This is not a Donald Trump problem, either, as his critics like to claim. David Duke, a former Ku Klux Klan wizard, won a Louisiana state representative seat in 1989 after changing his party affiliation from Democrat to Republican, despite condemnation from the state and national Republican party.

Similarly, Democrats have had to contend with anti-Semitism in their own ranks, and distance themselves from dangerous voices like Nation of Islam minister Louis Farrakhan.

Neither of the major political parties is untouched by the forces of hatred and bigotry. People with objectionable views have found each other on social media. Before the internet, individuals with unpalatable viewpoints tended not to talk to people at work, at church or in other social settings about their fringe beliefs. Now Facebook, Twitter, Reddit and other sites have given them pathways to create communities of like-minded individuals, so while their numbers may not be increasing, their influence appears to be growing.

The question is: What are we going to do about it?

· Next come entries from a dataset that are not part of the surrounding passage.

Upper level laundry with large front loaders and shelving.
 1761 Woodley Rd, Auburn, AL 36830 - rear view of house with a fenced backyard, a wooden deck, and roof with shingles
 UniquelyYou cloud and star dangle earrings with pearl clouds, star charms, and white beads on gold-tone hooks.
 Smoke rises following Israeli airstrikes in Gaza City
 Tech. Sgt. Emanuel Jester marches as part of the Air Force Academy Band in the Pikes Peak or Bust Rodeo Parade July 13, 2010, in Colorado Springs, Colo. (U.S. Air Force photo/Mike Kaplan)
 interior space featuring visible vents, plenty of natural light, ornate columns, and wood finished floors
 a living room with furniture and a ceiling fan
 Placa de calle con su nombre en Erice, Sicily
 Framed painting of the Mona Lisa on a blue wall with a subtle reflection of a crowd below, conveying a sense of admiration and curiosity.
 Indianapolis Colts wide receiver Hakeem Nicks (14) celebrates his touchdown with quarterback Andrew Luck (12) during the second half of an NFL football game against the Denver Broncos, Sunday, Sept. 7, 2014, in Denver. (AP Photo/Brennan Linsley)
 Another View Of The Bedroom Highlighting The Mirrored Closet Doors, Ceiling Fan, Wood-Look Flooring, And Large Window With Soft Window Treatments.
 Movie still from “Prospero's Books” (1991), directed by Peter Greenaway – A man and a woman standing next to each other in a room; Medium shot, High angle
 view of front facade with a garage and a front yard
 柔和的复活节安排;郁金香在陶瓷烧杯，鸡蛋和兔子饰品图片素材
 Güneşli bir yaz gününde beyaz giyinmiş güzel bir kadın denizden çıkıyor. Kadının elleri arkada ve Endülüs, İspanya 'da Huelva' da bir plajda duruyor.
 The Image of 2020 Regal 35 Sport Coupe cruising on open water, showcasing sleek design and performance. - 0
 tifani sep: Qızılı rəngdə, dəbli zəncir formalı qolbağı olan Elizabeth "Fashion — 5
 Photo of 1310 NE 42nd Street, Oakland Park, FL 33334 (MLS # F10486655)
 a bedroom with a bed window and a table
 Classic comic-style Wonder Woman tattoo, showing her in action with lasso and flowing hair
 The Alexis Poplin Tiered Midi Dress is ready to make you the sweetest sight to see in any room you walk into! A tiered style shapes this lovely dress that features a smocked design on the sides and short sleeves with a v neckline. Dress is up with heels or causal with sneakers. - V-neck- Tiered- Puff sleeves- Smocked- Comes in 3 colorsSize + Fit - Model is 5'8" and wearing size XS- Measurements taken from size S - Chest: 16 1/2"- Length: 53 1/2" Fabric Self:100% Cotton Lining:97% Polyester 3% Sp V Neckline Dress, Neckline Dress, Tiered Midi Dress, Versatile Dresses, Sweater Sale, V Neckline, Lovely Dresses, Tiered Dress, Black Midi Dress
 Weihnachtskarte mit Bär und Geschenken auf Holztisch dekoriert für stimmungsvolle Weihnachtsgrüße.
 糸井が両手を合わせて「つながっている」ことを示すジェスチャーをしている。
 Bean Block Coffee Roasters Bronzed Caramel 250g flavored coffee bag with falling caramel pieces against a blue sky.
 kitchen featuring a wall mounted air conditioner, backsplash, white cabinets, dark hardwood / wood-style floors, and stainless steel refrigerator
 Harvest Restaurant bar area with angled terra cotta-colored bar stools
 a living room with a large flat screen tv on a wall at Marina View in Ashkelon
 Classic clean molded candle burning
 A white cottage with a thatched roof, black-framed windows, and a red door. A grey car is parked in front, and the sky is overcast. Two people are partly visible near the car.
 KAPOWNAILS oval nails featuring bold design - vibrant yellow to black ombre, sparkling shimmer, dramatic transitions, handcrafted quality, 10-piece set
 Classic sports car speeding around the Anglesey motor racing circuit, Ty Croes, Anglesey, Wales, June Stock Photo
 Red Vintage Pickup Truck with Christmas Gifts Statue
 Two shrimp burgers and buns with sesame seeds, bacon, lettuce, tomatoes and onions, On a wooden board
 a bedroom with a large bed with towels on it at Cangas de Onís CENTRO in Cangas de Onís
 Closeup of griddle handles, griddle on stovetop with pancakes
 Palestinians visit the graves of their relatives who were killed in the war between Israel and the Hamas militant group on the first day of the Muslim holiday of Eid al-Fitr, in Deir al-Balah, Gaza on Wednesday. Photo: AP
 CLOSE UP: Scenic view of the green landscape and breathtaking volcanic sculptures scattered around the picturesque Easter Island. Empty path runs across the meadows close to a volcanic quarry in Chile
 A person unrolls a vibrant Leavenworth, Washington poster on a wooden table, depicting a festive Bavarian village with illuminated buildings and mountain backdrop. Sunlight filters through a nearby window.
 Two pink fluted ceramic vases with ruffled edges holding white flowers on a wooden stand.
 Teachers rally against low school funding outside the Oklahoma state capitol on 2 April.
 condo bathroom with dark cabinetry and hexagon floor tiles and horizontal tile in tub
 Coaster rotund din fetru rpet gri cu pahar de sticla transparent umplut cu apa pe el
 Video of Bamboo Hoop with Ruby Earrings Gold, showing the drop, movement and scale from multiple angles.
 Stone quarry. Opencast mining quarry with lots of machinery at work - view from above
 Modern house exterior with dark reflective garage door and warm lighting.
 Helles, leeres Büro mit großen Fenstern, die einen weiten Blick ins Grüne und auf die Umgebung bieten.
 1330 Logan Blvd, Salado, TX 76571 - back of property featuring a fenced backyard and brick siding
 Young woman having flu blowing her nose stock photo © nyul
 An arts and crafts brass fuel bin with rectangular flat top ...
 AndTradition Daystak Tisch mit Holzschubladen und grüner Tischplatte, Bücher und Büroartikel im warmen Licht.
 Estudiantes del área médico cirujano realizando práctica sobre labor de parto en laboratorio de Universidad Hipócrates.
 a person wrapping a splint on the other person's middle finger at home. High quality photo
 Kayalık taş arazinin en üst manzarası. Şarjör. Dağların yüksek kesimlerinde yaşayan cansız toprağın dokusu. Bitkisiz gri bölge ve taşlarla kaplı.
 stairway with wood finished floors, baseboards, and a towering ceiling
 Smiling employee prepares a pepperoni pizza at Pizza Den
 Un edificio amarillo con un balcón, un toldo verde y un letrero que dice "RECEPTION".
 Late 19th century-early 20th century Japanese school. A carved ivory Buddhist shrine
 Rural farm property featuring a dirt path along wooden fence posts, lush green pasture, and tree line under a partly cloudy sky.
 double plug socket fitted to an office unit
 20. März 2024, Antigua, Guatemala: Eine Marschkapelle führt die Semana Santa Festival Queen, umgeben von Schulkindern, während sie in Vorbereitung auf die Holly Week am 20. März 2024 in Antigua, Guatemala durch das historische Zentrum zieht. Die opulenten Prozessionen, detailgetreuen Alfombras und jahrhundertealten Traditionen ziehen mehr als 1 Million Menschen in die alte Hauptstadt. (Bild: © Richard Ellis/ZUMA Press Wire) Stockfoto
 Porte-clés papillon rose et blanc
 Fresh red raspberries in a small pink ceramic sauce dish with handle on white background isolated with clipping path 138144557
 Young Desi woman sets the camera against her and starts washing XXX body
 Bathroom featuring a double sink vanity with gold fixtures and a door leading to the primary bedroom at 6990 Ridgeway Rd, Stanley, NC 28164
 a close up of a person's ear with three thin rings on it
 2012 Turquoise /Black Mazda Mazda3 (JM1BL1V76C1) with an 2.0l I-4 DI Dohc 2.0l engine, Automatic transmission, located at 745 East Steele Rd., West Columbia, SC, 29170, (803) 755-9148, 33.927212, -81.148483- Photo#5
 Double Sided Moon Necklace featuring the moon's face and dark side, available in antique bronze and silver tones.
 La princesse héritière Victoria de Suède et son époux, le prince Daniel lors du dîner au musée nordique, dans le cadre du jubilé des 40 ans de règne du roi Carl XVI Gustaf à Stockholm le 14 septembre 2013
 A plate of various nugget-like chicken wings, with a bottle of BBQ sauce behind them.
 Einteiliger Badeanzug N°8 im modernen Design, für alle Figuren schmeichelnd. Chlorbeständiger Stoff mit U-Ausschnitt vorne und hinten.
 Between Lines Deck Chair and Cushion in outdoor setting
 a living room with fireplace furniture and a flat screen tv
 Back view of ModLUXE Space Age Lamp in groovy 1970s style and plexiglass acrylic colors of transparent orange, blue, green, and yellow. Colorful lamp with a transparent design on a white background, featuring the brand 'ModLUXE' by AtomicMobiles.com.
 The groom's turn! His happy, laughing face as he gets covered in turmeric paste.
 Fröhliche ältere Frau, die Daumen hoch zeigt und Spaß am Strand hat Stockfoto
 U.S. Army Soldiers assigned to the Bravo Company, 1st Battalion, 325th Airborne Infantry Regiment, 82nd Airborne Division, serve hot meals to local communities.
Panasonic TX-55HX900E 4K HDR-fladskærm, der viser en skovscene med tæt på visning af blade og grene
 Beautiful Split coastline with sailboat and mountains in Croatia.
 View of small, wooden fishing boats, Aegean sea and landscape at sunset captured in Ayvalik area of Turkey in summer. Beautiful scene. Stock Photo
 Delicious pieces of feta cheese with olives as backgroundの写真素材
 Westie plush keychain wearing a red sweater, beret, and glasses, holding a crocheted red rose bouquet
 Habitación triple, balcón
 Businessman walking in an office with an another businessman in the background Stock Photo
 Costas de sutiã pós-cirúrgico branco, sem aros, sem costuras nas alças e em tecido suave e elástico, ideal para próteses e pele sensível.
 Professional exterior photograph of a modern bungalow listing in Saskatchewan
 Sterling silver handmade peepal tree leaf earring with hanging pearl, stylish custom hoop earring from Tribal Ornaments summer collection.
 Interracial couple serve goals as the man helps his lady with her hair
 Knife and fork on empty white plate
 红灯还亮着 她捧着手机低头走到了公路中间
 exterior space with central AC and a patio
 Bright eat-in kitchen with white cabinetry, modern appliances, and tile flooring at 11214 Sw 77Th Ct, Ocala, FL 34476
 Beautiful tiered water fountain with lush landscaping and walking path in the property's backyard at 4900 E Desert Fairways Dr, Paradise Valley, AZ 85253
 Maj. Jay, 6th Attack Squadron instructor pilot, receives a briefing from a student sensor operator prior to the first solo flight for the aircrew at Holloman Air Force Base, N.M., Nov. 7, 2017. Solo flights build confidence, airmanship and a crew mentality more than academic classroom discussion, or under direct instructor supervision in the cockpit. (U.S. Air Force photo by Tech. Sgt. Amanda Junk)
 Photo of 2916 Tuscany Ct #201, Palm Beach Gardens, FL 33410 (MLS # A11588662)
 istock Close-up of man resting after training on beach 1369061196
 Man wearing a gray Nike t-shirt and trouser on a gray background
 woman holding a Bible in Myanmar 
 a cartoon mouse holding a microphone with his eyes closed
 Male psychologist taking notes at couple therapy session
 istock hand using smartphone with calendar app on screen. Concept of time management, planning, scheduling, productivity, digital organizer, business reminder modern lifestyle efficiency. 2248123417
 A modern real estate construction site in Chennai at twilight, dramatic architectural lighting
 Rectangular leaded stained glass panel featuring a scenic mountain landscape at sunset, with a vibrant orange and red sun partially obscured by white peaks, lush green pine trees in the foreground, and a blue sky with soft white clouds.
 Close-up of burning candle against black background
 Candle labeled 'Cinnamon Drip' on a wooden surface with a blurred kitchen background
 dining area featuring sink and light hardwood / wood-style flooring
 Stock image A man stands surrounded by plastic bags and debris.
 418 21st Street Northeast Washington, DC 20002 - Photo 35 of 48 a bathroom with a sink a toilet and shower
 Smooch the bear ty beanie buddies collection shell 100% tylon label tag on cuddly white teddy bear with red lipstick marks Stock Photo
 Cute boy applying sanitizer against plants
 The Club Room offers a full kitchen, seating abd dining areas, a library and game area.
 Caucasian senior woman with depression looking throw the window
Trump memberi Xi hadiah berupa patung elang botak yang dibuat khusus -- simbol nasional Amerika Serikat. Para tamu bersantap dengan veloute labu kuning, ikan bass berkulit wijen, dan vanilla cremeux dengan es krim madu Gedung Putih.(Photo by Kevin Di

The answer, for Democrats and Republicans, is to hold people accountable for the words that they use, and to create distance from the peddlers of prejudice. And to do so loudly, and repeatedly if necessary.

At the July 11-14 College Republican National Committee's Biennial Convention, we will be making it crystal clear that racial divisiveness has no place on our college campuses, and that students who belong to our organization are committed to treating people with respect and defending the God-given dignity of every person.

The resolution to be voted on by delegates reads:

Whereas in the United States, the founding fathers believed that "all men are created equal," and that each person possesses the same opportunity and right to pursue happiness; and

Whereas the people of our nation are united by love of country and the ideals of democracy, freedom, and equality of opportunity, which compose the essential elements of the American Dream; and

Whereas according to the Anti-Defamation League, white supremacist propaganda on college campuses is on the rise; and

Whereas according to FBI statistics, hate crimes nationwide increased over the last three years;

Resolved, That the College Republican National Committee rejects and condemns White nationalism, White supremacy, and racism in any form, as hateful declarations of intolerance, which are inconsistent with the values of the College Republican National Committee, the Republican Party, and the founding principles of the United States.

Unfortunately, racism in all its forms is persistent. It burrows in, and once fastened on its object, becomes hard to dislodge.

Constant vigilance is required, and when racism is uncovered or reveals itself, silence is not an option.